Items listed in a dataset
------
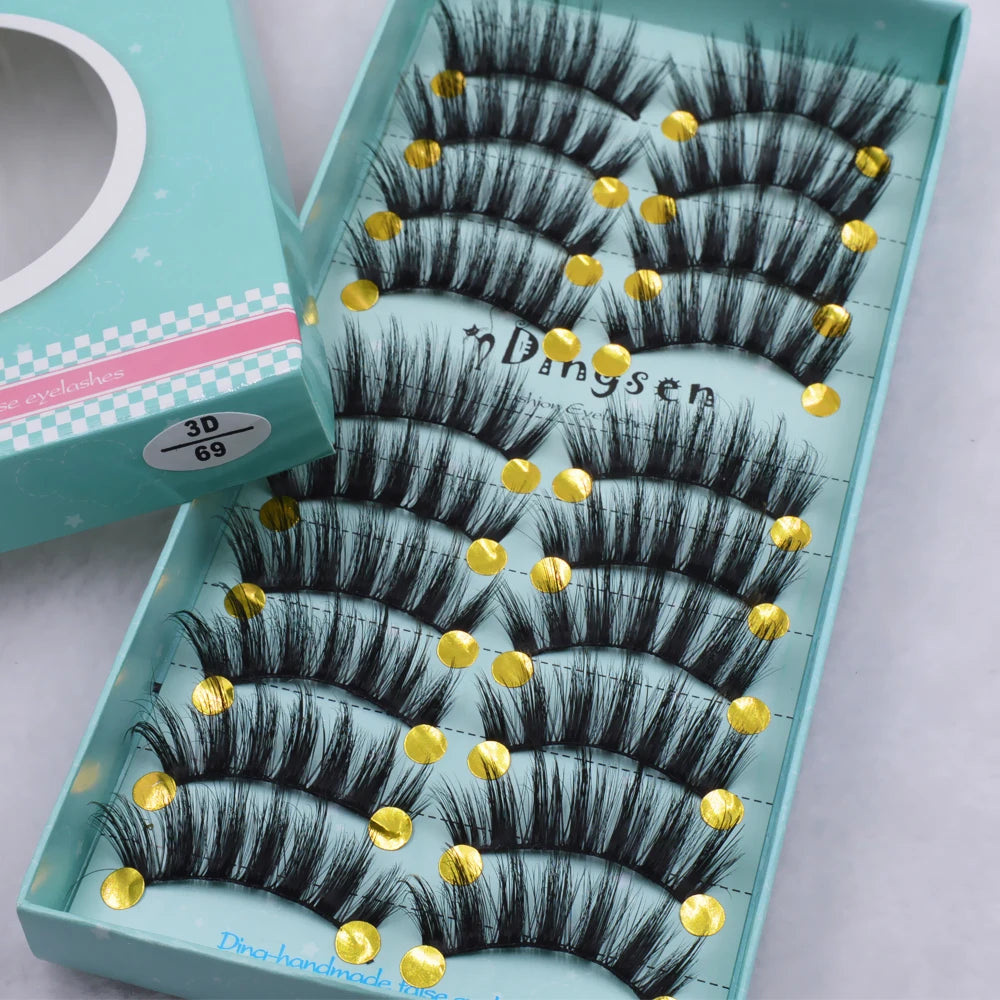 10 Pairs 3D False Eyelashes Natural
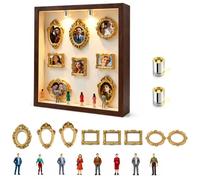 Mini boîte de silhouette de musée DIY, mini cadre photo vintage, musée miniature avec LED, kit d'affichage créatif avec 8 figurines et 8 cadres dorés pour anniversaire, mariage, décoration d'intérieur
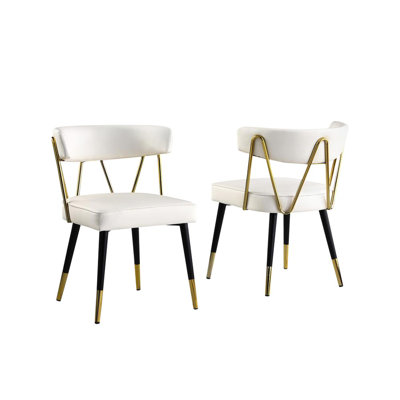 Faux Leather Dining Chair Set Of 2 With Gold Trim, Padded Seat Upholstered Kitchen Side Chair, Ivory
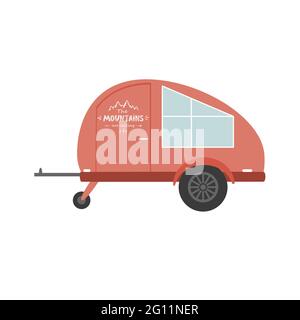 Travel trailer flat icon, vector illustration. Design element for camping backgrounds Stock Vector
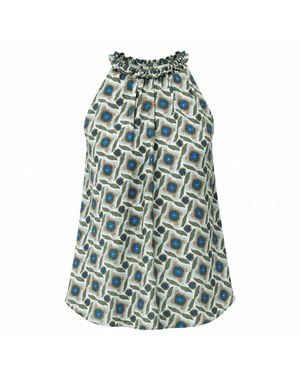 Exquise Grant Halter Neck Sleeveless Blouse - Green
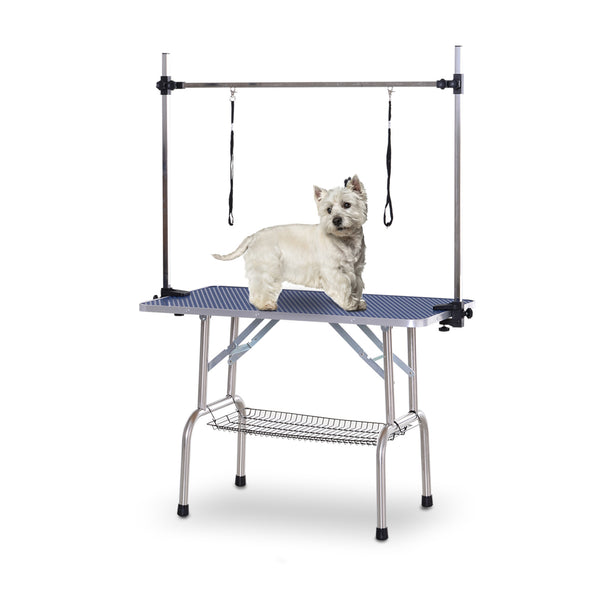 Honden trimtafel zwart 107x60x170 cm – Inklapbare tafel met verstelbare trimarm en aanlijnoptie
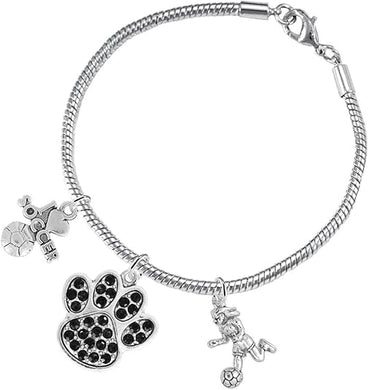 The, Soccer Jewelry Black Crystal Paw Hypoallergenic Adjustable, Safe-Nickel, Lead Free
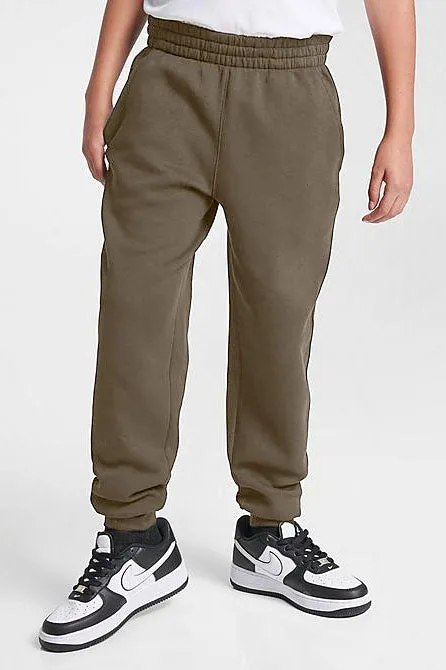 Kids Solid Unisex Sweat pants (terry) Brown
------
WHAT IS BEING ASKED: Leave the pictures out and output all of the data verbatim.

FINISHED EXERCISE:
 10 Pairs 3D False Eyelashes Natural
 Mini boîte de silhouette de musée DIY, mini cadre photo vintage, musée miniature avec LED, kit d'affichage créatif avec 8 figurines et 8 cadres dorés pour anniversaire, mariage, décoration d'intérieur
 Faux Leather Dining Chair Set Of 2 With Gold Trim, Padded Seat Upholstered Kitchen Side Chair, Ivory
 Travel trailer flat icon, vector illustration. Design element for camping backgrounds Stock Vector
 Exquise Grant Halter Neck Sleeveless Blouse - Green
 Honden trimtafel zwart 107x60x170 cm – Inklapbare tafel met verstelbare trimarm en aanlijnoptie
 The, Soccer Jewelry Black Crystal Paw Hypoallergenic Adjustable, Safe-Nickel, Lead Free
 Kids Solid Unisex Sweat pants (terry) Brown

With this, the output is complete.